India teetered perilously close to its first dotcom blowup yesterday, after the founder and chief exec of buy-sell-rent portal Housing.com resigned, saying the board and investors weren’t ‘intellectually capable’. They somehow all kissed and made up, but it’s a big flashing warning sign for anyone involved in the country’s increasingly frothy tech scene.
Housing.com was founded by 26-year-old Rahul Yadav and four of his university friends in 2012. It’s already raised almost $140m (£91.9m), the most recent a $90m round led by Japan telecoms giant SoftBank, which is also Alibaba’s largest investor, that valued it at 1,500 crore rupees (£153m).
All that money seems to have encouraged rather than tempered the outspoken Yadav. After his petulant letter (see the full version below, obtained by the Economic Times), he was persuaded to stay and reverted to more staid management speak.
‘After some frank and healthy discussions with the Board I have agreed to withdraw my resignation and I apologise for my unacceptable comments about the board members,’ his statement read. ‘I look forward to staying on at Housing as CEO… while working in full harmony with the board.’
Said board, meanwhile, ‘reaffirmed its faith in Rahul Yadav’s vision at Housing’. But it wasn’t the entrepreneur’s first rude missive.
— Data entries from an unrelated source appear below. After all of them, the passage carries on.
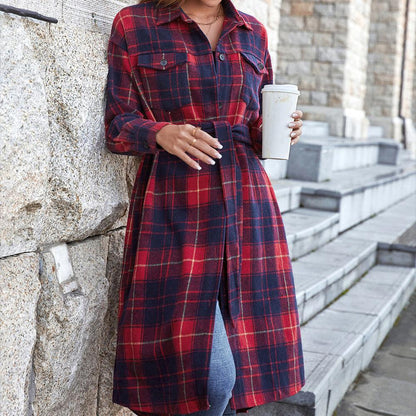 Plaid Belted Button Down Longline Shirt Jacket Trendsi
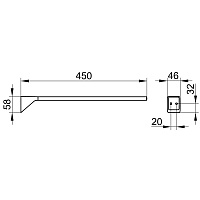 Keuco Aveno Полотенцедержатель 45 см, с клеевым комплектом, подвесной, цвет: черный матовый 14620 370000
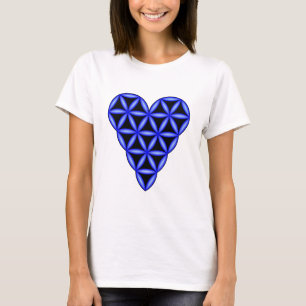 T - Shirt - 'Herz des Lebens', 3D, Blau.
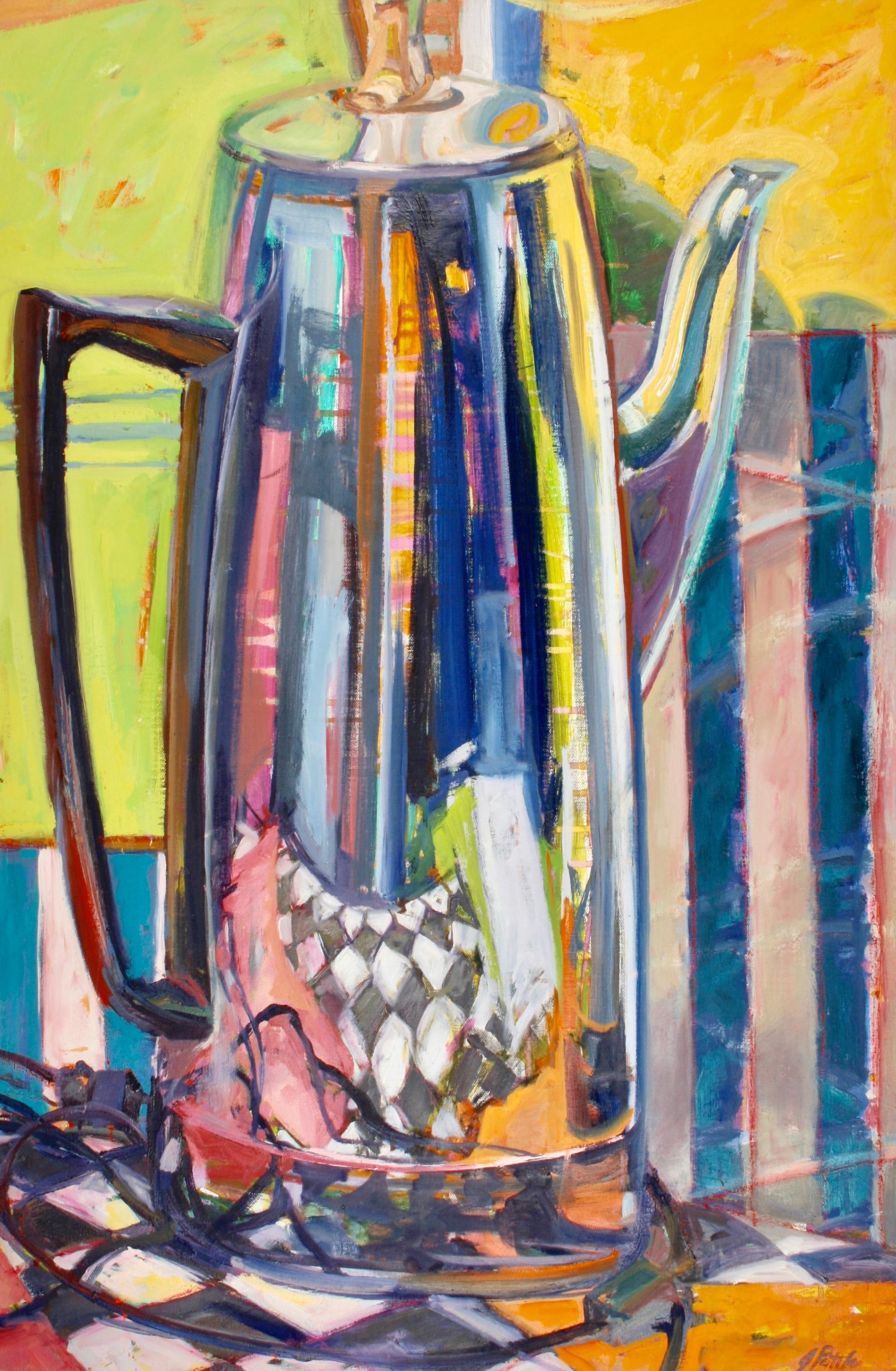"Silver Pot I", contemporary, still life, retro, acrylic, oil, painting - Painting by Jill Pottle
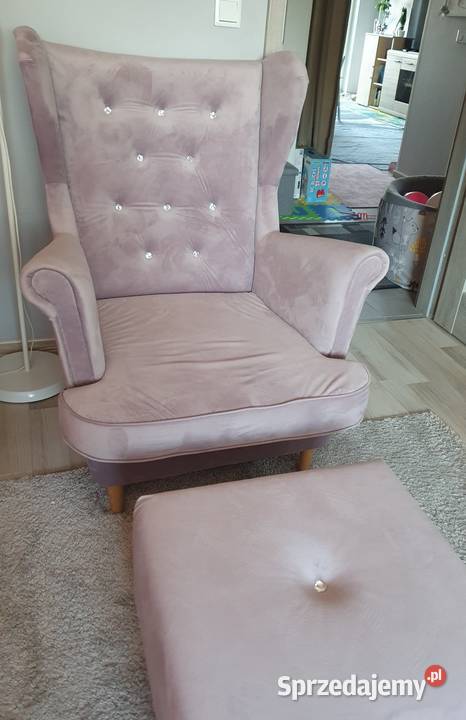 Fotel uszak podnóżek velvet diamenciki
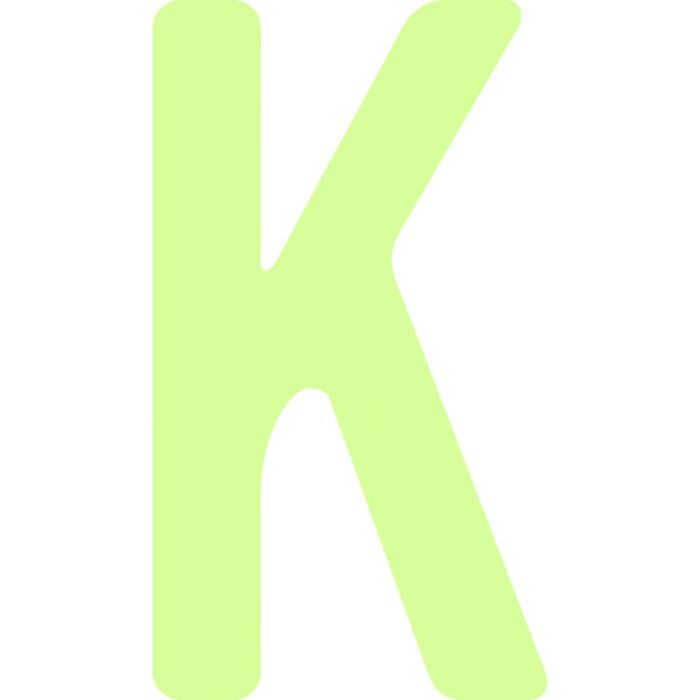 IM 非常用標識 中輝度蓄光カッテイング文字 英字 K 粘着シール 50×28mm(Tcode:1030006)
In March he fired off an email to the Indian managing director of Sillicon Valley venture capital firm Sequoia Capital, addressing him as ‘dude’ while accusing him of ‘inhuman and unethical’ poaching of Housing’s staff.
And he practically recanted his apology in a phone call with Quartz, saying, ‘I don’t care what the perception and all is… This is our style.’
Yadav’s ‘style’ obviously doesn’t mean all Indian founders are unpredictable hotheads. But it raises questions about how much risk investors in the country’s burgeoning startup scene are willing to take on.
Private equity ploughed a record $2.7bn into Indian tech in the last quarter of 2014, according to PwC. And no wonder – Morgan Stanley thinks its ecommerce market is set to explode from $3bn last year to $102bn by 2020. But that’s probably leading to some pretty irrational exuberance.
As Bangalore-based angel investor Sharad Sharma told the FT, ‘Soon enough the valuations of one of these ecommerce companies is going to implode, and the risk is that this will set off an avalanche of implosions at other start-ups with unreasonable growth expectations.’
Here’s Yadav’s full resignation letter:
Dear board members and investors, I don't think you guys are intellectually capable enough to have any sensible discussion anymore. This is something which I not just believe but can prove on your faces also!
I had calculated long back (by taking avg life expectancy minus avg sleeping hrs) that I only have ~3L [300,000] (hours) in my life. ~3L hrs are certainly not much to waste with you guys!
Hence resigning from the position of Directorship, Chairmanship and the CEO position of the company. I'm available for the next 7 days to help in the transition. Won't give more time after that.
So please be efficient in this duration.